When I became Bat Mitzvah, my small North Georgia congregation gifted me a beautiful hand-painted set of Shabbat candlesticks and a kiddush cup, a starter kit of the tools I would need to observe our traditions. When I graduated high school, my parents surprised me with an ukulele, so that when I song-led at services, I could double the sound of my prayers. However, I was 20 years old before I felt ownership–literally–over the texts that have shaped these traditions and my own Jewish identity.
During my semester program in Israel, the two rabbis who led our group surprised us all with a pocket-sized Tanakh for each of us. I didn’t know if there was a right way to hold or store it. I didn’t realize that there was more to it than the Five Books of Moses. It was a lot longer than I expected, and the print was tiny. I didn’t understand that until that moment, every Torah and Tanakh I had touched had felt like not only a borrowed item, but in some sense, a borrowed heritage. Many aspects of Judaism feel distant when you come from a small, isolated Jewish community like mine.

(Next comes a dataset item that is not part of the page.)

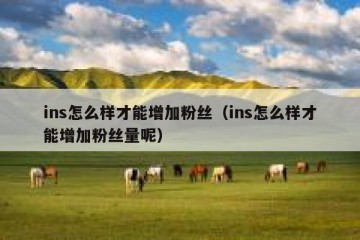 ins怎么样才能增加粉丝（ins怎么样才能增加粉丝量呢）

But this book was for me. This was mine.
Before, I had felt free to comment on a verse or share my thoughts on a parsha, but now when I wrote my questions in the tiny margins and highlighted the curiously translated Hebrew, I knew I wasn’t going to lose the page in an old binder or forget to add the thought to my journal; it was all in one place, and it was altogether mine—just as it has belonged individually and collectively to each generation of students of Torah who have come before me.
I have a friend who also prefers to flip through pages rather than Google a verse, so she regularly borrows my Tanakh since she doesn’t have her own. When she recently asked to see it to work on a d’var torah (sermon), I knew this was my chance to give another Jewish educator the opportunity to hold our heritage even closer than she might have before.
So I surprised her with a Tanakh of her own. Because I know there’s something truly special about physically holding such a book and saying, “This is for me. This is mine.”
I realize how lucky I am to feel that sort of ownership and connection to this pocket-sized book. Until I was empowered to investigate the text for myself, I sometimes felt that Judaism as it is written in the Torah didn’t belong to me: it was for an older generation, or for more observant Jews, or for the patriarchs, or it has been usurped for unjust work too many times to provide any sort of worthwhile moral guidance.
But for those who haven’t felt invited to feel the weight of the words in their hands, perhaps that is a good first step in turning the page on how we feel about this ancient and timeless text. A book of one’s own, to remind us that these words do truly belong to us all – a tremendous heritage that we can hold in our own hands.